Anyone who has been involved with data warehousing knows that there are plenty of things that can go wrong. Mistakes can be made when researching the data sources, collecting requirements, designing a dimensional model, etc… Assuming all of the analyst and modeling work has been done perfectly, we still need to be sure that the developed ETL delivers the prescribed behavior. This short post itemizes a few key ETL considerations.
Understand How the Source System Behaves
How does the source system behave? Does it soft delete? Hard delete? Does the source system keep history? These are a few of the questions we must answer. We can boil this down to the basic functions of a source database; CRUD.

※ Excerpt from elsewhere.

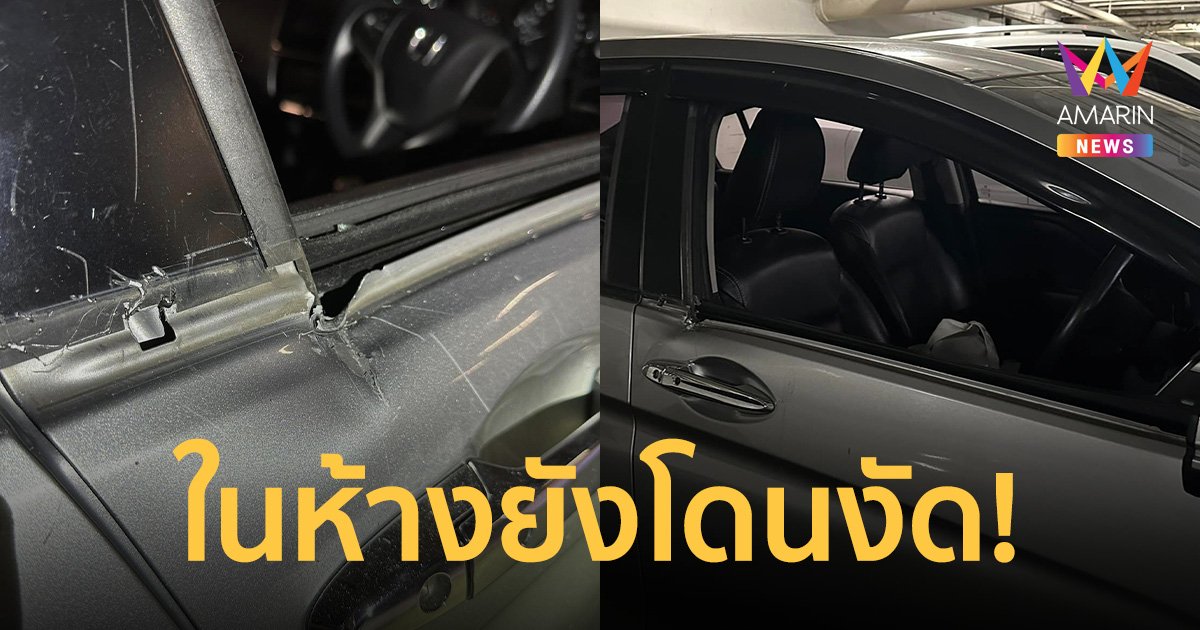 สาวโดนงัดรถในห้าง ทุบกระจกแตก กล้อง-Ipad หาย ทั้งที่มีทีม รปภ.อยู่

Create – When a record gets created in the source system we typically want to collect it and load it into our target model. How will we determine that a new record was created? If we can’t determine this reliably, then maybe we need to collect every record and compare it to what was collected previously to get the new records. The collecting tactics can differ, but we must be able to identify newly created records.
Read – Read operations are often overlooked, but should be studied in most cases. When is the source system under the most load? We don’t want to try to collect large datasets during heavy load times as this will likely degrade performance for all users.
Update – How does the source system handle updates? In an ideal world the source will keep some amount of history by applying a versioning strategy. When collecting records from the source we need to be sure to include those records which have changed since our last collection (assuming we are applying an incremental collection process). This may be as simple as finding all records with an updated field value that is newer than our last collection process. On the other hand, many systems (or files) will not flag records with update times. In this case we likely will need to do a full compare to previously collected records to find what has changed. Other strategies such as CDC or last change should also be considered.
Delete – Deletes are probably the most overlooked as well as the toughest to deal with function. First we need to figure out how we will determine a delete occurred. There are a number of strategies itemized in this prior post. Dealing with the delete in the persistent staging area as well as the target model require careful consideration. In most cases we will not want to delete the records from our target model, but it is critical that these records be flagged (soft deleted).
You may be thinking that this post is a no brainer. True, there is no rocket science going on here. Sometimes we miss the forest for the trees though. Taking a little time upfront to consider these four functions will save a lot of pain in the long run. Handling reads is usually just a matter of scheduling the ETL process at a low load time and possibly using nolock logic. Inserts and updates are typically handled as a pair. Deletes will often require a separate data flow that may or may not merge with the insert & update logic.
In summary, take time early in your project to determine how to handle all four CRUD functions in your data sources.